Lost...no wifi...on the plus side we have A/C and a TV!
We trapse through the busy town at night in search of an Internet cafe. A young student offers to lead the way asking ' What is the purpose of your visit' !
Thrisuur is known as the cultural centre of Kerala, a kind of parched Oxford or Cambridge. We have come to visit the Government college of Fine Arts, where
Charlie has been asked to talk about his work, in a packed lecture theatre!
But first we wander around the studios, the students are all so welcoming and show us work in progress. The style is traditional, with a strong emphasis on drawing. We feel a particular bond with the printmaking tutor, and the art history lecturer, who is also a poet and shows us some of her work, a mix between Apollinaire and Antonio Aleixo.

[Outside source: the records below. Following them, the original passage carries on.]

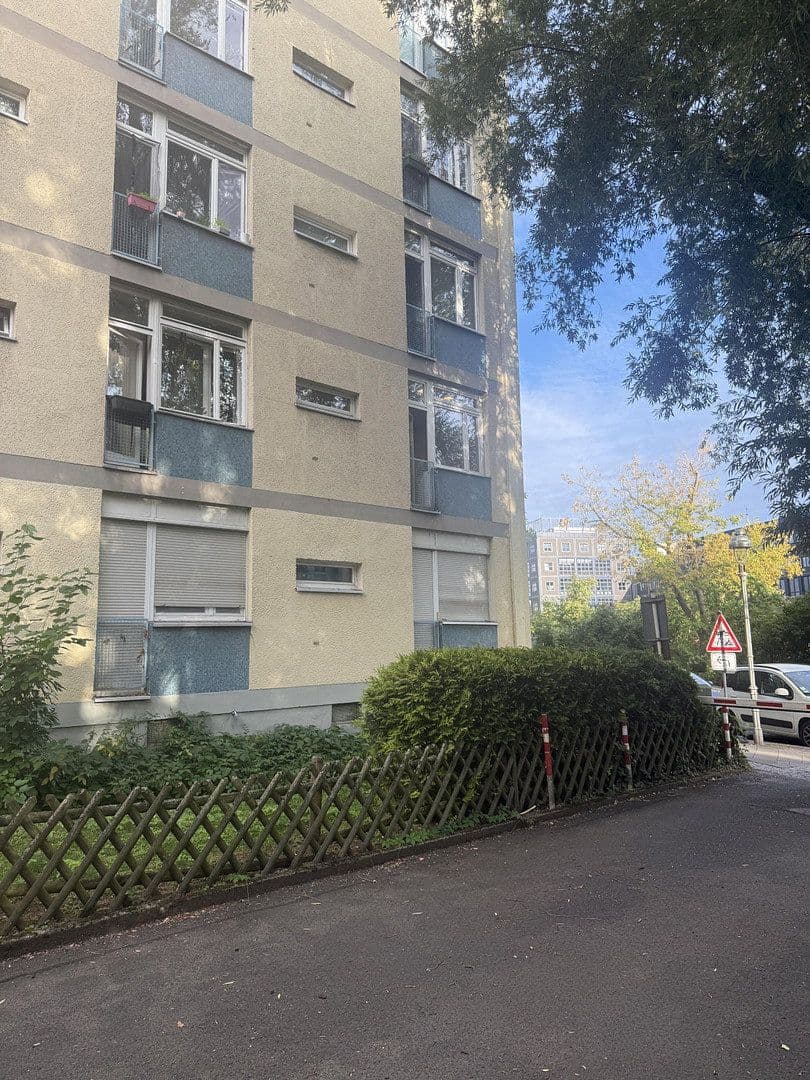 Prodej bytu 1+kk 38 m², Claudiusstraße 10, Berlin, Berlín Prodej bytu 1+kk 38 m², Claudiusstraße 10, Berlin, Berlín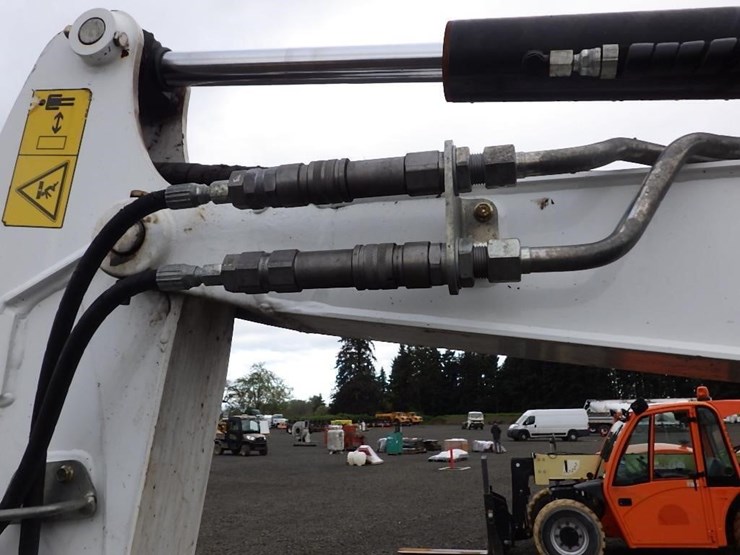 2020-bobcat-e26-image-18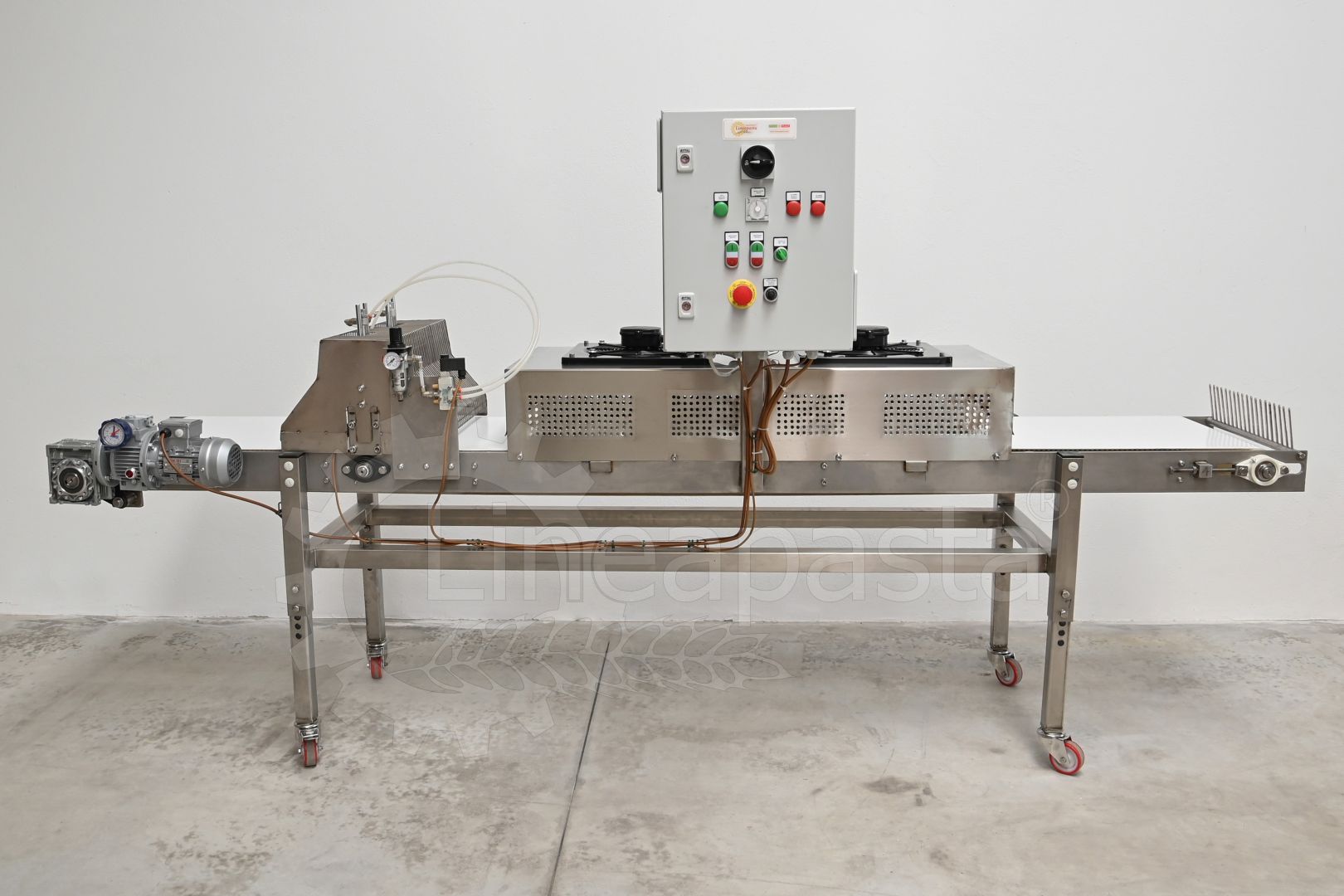 Conveyor belt for long pasta with guillotine cut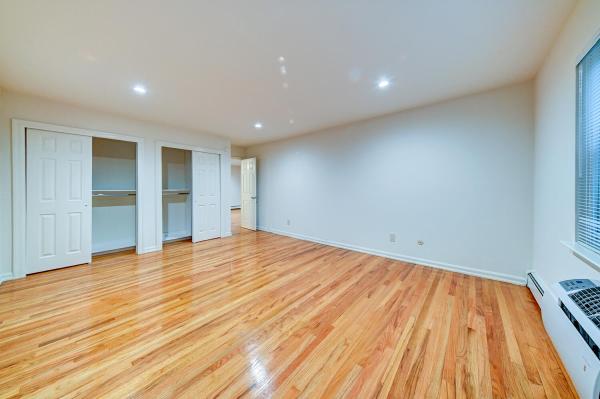 Wildwood & Soundview Garden Apartments
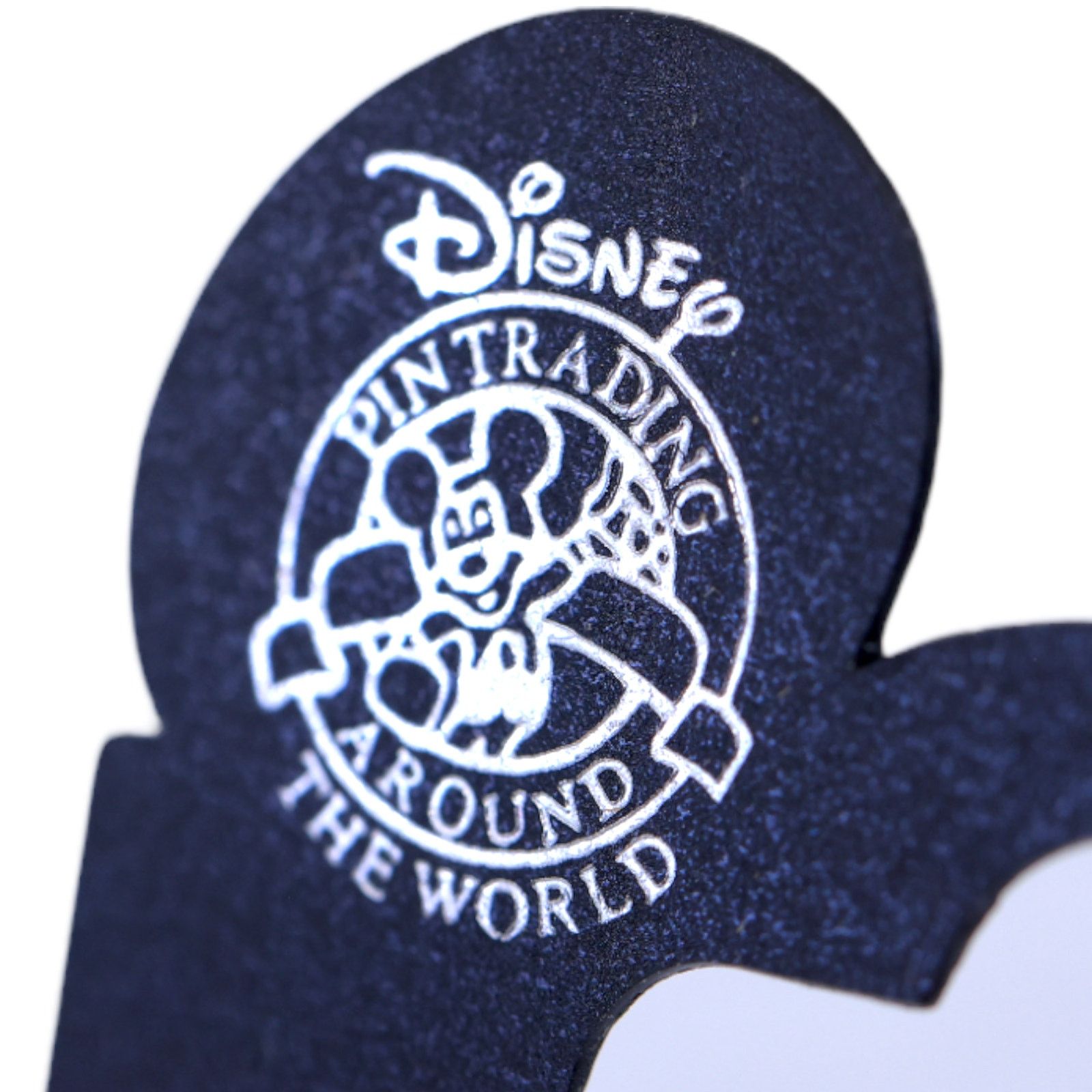 Disney Disney New Years Day 2008 Goofy, Donald, Chip & Dale Pin Size ONE SIZE - 9 Thumbnail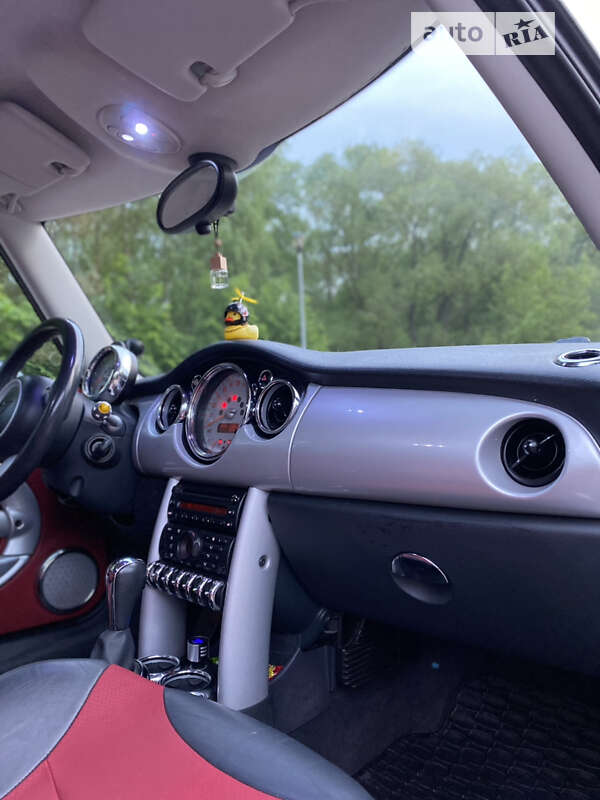 Хэтчбек MINI Hatch 2005 в Одессе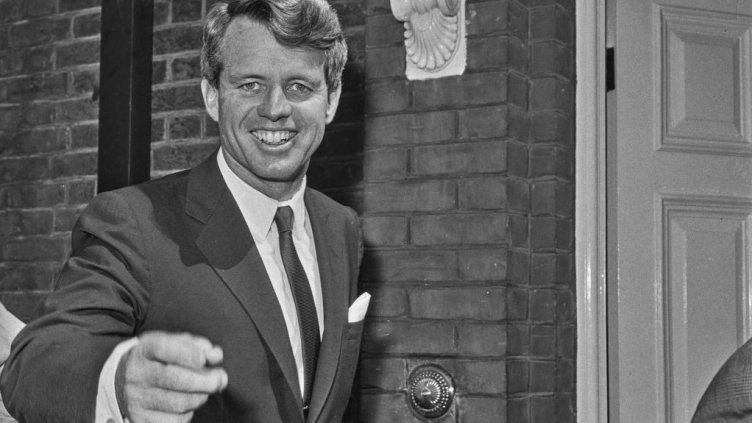 Шок: Показаха снимки от аутопсията на Робърт Ф. Кенеди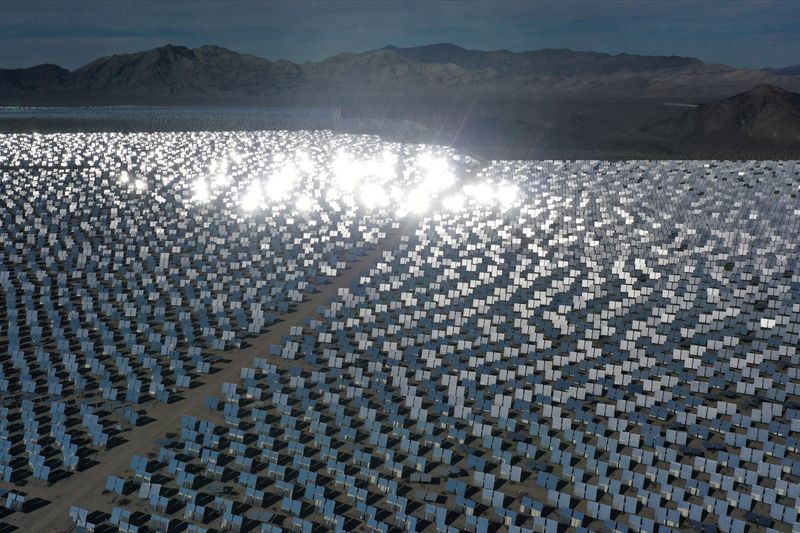 U.S. trade panel votes to proceed with solar panel tariff probe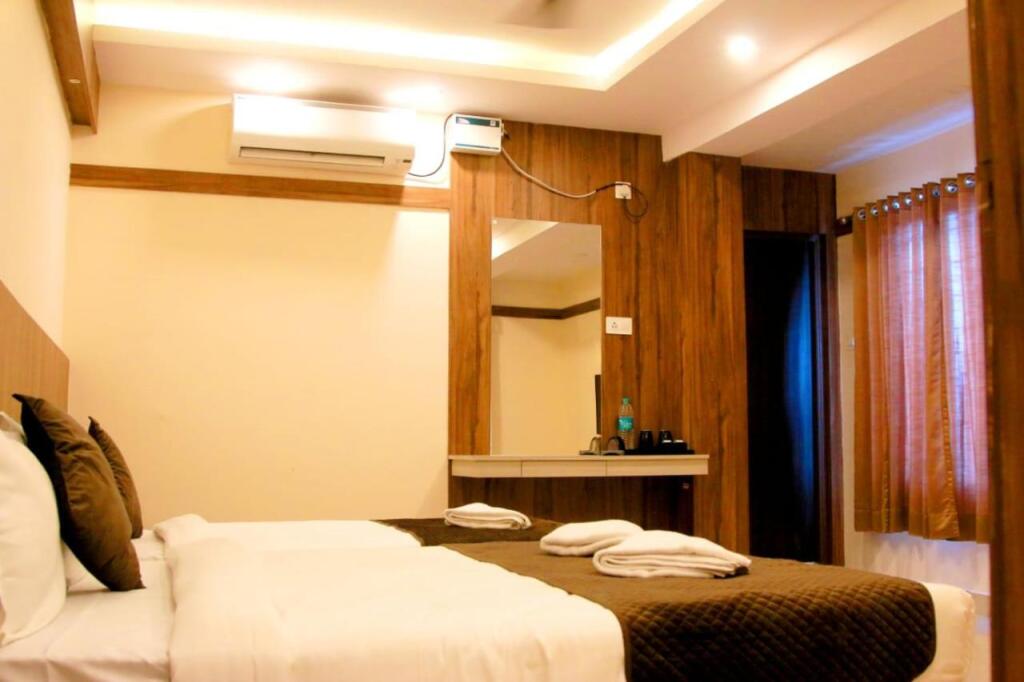 Хосур: Hotel Sakura Inn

One of the students offers to take us on a guided tour, first to the Academy, walls hung with dusty portraits of writers and poets. Then to the Vadakkunnathan temple in the centre of an immense hillock of grass where men gather to play cards in the afternoon and evening. Later we spend a lovely evening with the printmaking tutor in her digs, comparing our very different cultures, but finding much common ground.
The last morning we are thwarted as the archeological museum is closed so we go to the zoo instead. Set in pleasant shady gardens with amazing tree specimens and immaculately dressed primary school kids on a day out. They, of course, are just as intrigued by two foreigners as the hippos, mugger and tigers!